Let’s run the following to see our output intentions.
terraform init
terraform plan
We can see that our node pool adds the parameter we sent through the module to the annotation under default node pool. This ensures to tell the API request we are going to need a FIPS-Enabled image.
After you’re satisfied with the parameters you run a terraform apply (ideally after you’ve scanned your configuration prior to moving to production) since we are demoing this I’m going to delete this prompt after this demonstration.
Validating FIPS on Azure Kubernetes Service
So after we’ve applied our configuration we now can access our cluster by accessing through our credentials.
az account set --subscription <id>
az aks get-credentials --resource-group aks-chaos-mesh-rg --name aks-chaos-mesh-aks --overwrite-existing
Once we’ve authenticated now lets check out our nodes we have running
kubectl get nodes -o wide
We can see we running our kernel version reflects 5.4.0-1121-azure-fips further more we can also validate this by accessing the node. We can do that be initiating the debugging mode to access the node with the following command, first I want to show how we can further validate that FIPS is enabled now from the auditor perspective lets actually dive into the node and validate.

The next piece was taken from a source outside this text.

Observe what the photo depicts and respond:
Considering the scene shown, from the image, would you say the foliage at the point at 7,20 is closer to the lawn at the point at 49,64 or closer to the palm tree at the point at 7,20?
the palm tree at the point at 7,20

az aks show --resource-group aks-chaos-mesh-rg --name aks-chaos-mesh-aks --query="agentPoolProfiles[].{Name:name enableFips:enableFips}" -o table
To run debug node the only change in this command will be your node name
kubectl debug node/aks-system-65776705-vmss000000 -it --image=mcr.microsoft.com/dotnet/runtime-deps:6.0
You should see this will prompt on the use of debugger on the node to access and now we are accessing the aks-system node.

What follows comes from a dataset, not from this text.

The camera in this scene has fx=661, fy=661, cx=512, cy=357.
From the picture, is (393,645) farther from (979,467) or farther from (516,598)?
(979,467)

cat /proc/sys/crypto/fips_enabled
This attempts to access the cryptographic library and the response can be represented as ‘1’ signifying enablement or a ‘0’ false.

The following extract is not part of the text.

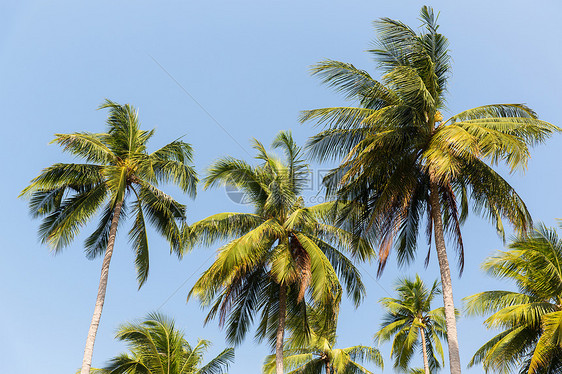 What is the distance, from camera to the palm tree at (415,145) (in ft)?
44.5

Additionally, on our FIPS-enabled node pools the label is applied kubernetes.azure.com/fips_enable=true if we want to target our workloads to deploy on that. In our case we only have one node so this wouldn’t be much of a challenge.
If we run a kubectl describe nodes <node> we can see the label annotated its quite a lot so I did a wider view for this.
Summary
Federal Information Protection Standards vary in levels and notably are a area of focus for organization operating with sensitive data that isn’t considered classified but does provide minimum security requirements for cryptographic modules and this shows how you can operate kubernetes securely. While this doesn’t encompass other areas of security concerns that we can cover a good starting point if Azure Kubernetes Service is your back yard you can reference this link. I’m going to cover more in this implementation of services such as if you require the most secure workloads such as data in use being encrypted consider confidential computing images which are supported in AKS as well. Reference architecture in areas such as PCI-DSS is covered extensively in the architecture center such as this link.